Answering kids' questions about sex is one of the responsibilities many parents dread most. Otherwise confident parents often feel tongue-tied and awkward when it comes to sex. But the subject shouldn't be avoided. By answering kids' questions as they arise, parents can help foster healthy feelings about sex.
When do kids start becoming curious about sex?
Children are human beings and therefore sexual beings. It's hard for parents to acknowledge this, just as it's hard for kids to think of their parents as sexually active. But even infants have curiosity about their own bodies, which is healthy and normal.
What sort of "sexual" behavior do young kids exhibit?

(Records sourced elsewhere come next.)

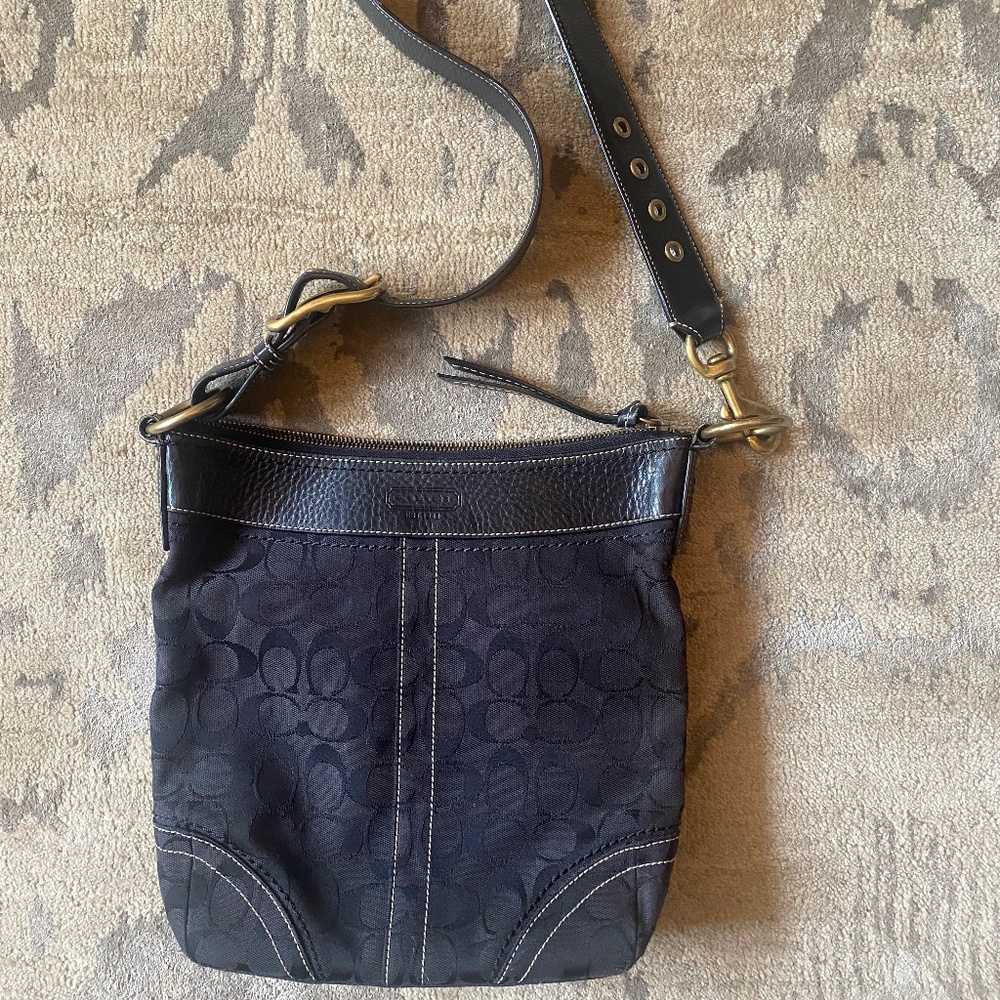 Authentic Coach Crossbody with Dust bag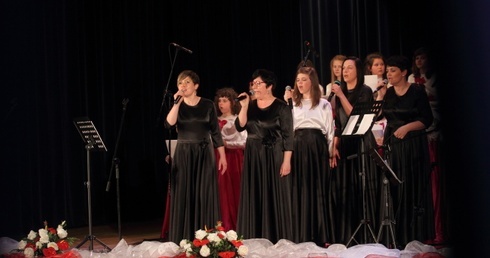 Śpiewająca pamięć o świętym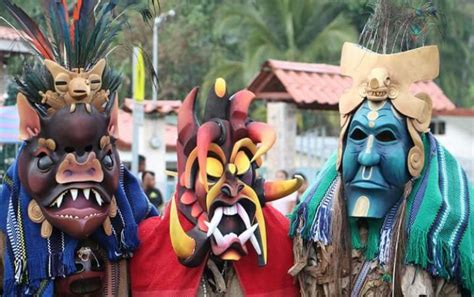 Mascarada Tradicional Costarricense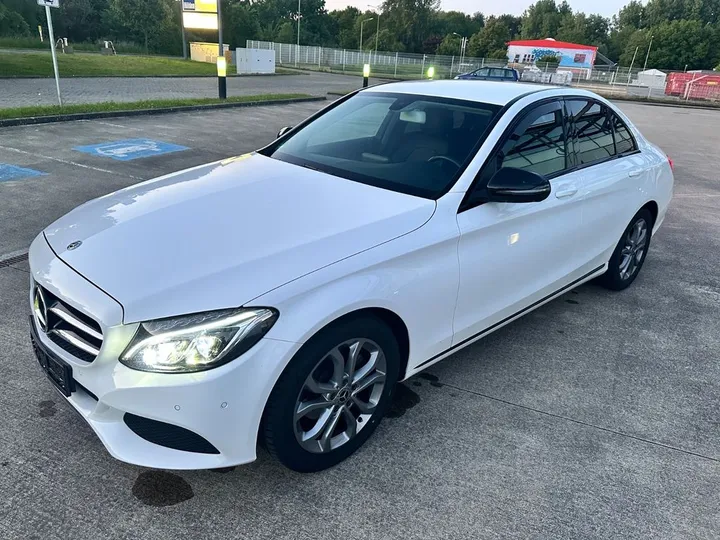 Mercedes-Benz C 180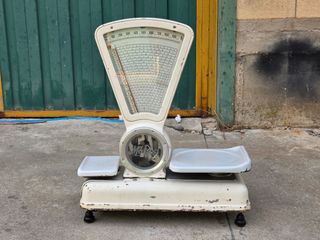 Báscula Mobba antigua esmaltada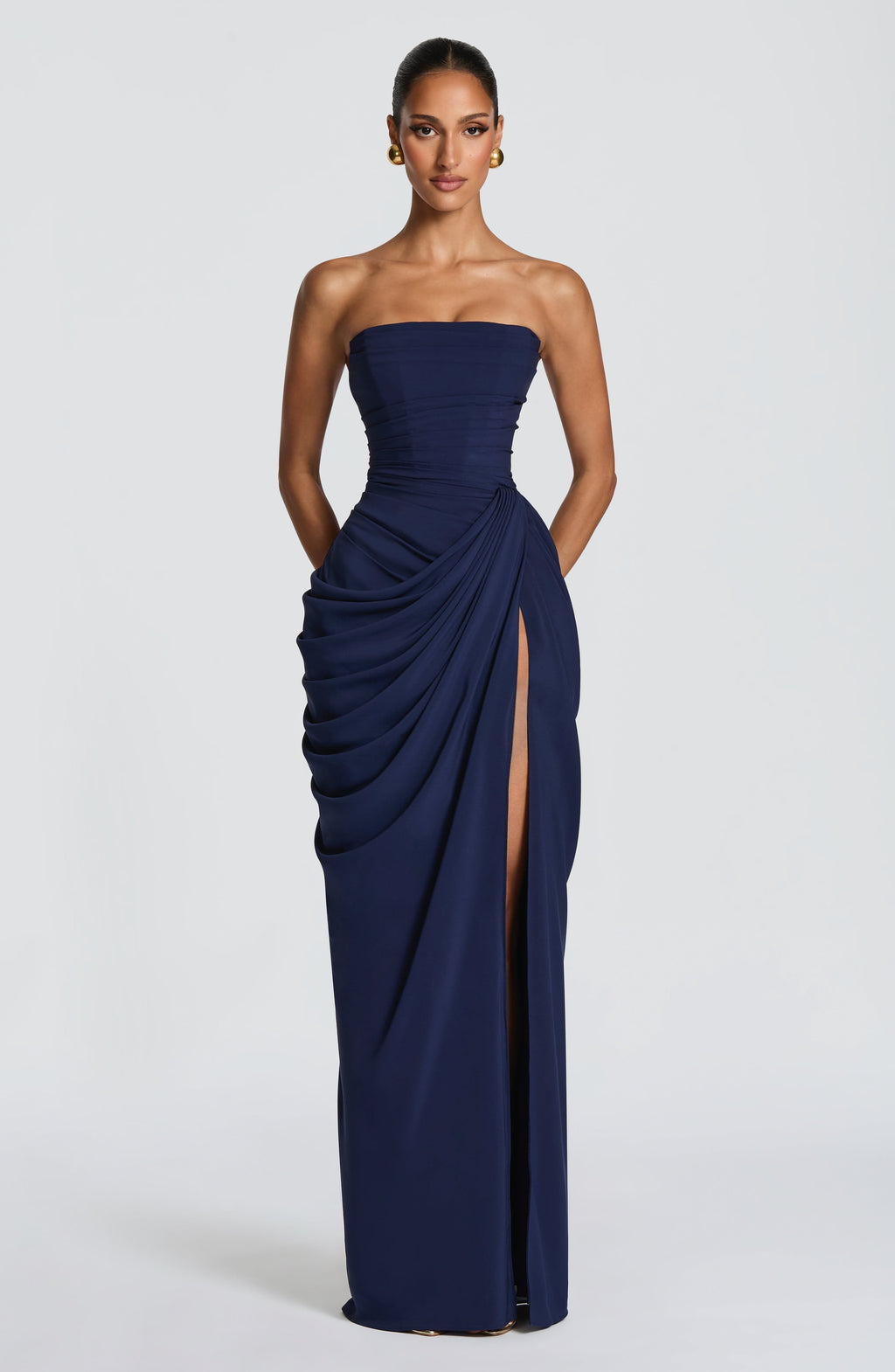 Aurelivska | Elegant Maxi Dress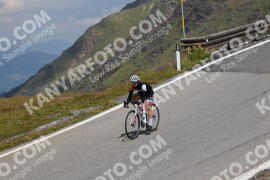 Photo #2413321 | 25-07-2022 13:08 | Passo Dello Stelvio - Peak BICYCLES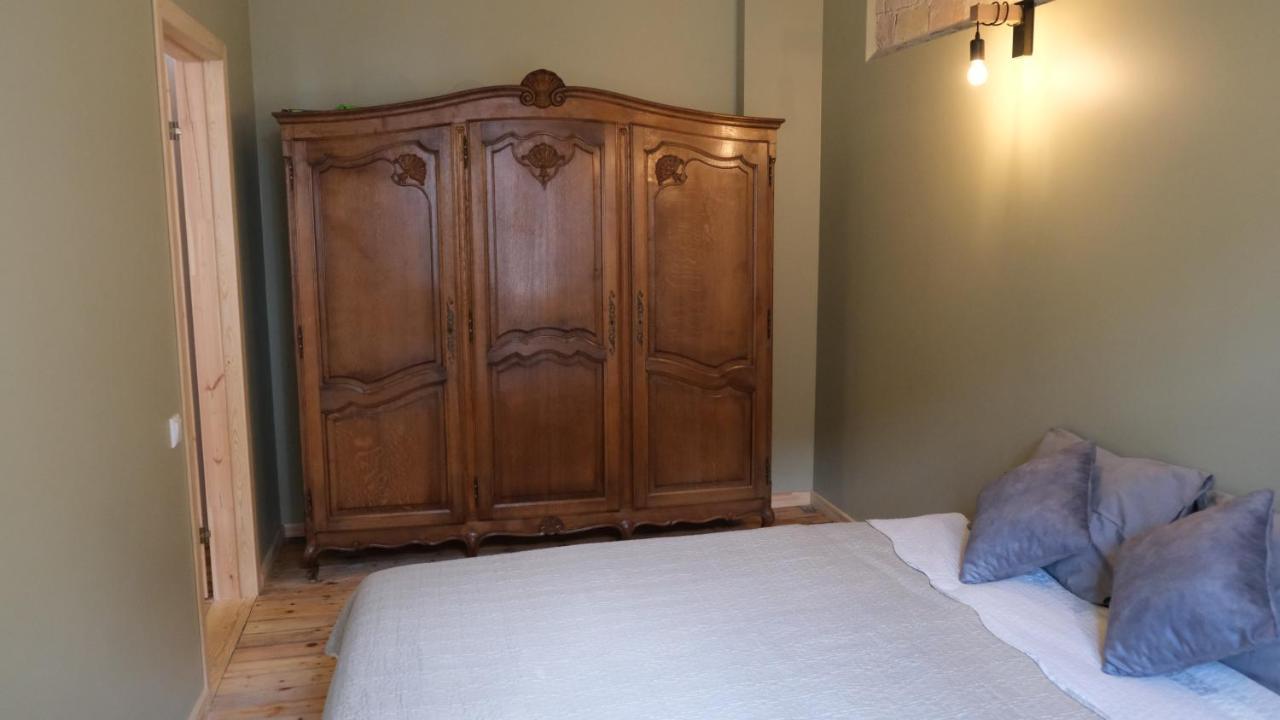 Historic Apartment With Wooden Floors In The Hearth Of Old-Town Riga Esterno foto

Toddlers will often touch themselves when they are naked, such as in the bathtub or while being diapered. At this stage of development, they have no modesty. Their parents' reaction will tell them whether their actions are acceptable. Toddlers should not be scolded or made to feel ashamed of being interested in their bodies. It is natural for children to be interested in their own bodies. Some parents may choose to casually ignore self-touching. Others may want to acknowledge that, while they know it feels good, it is a private matter. Parents can make it clear that they expect the child to keep that activity private.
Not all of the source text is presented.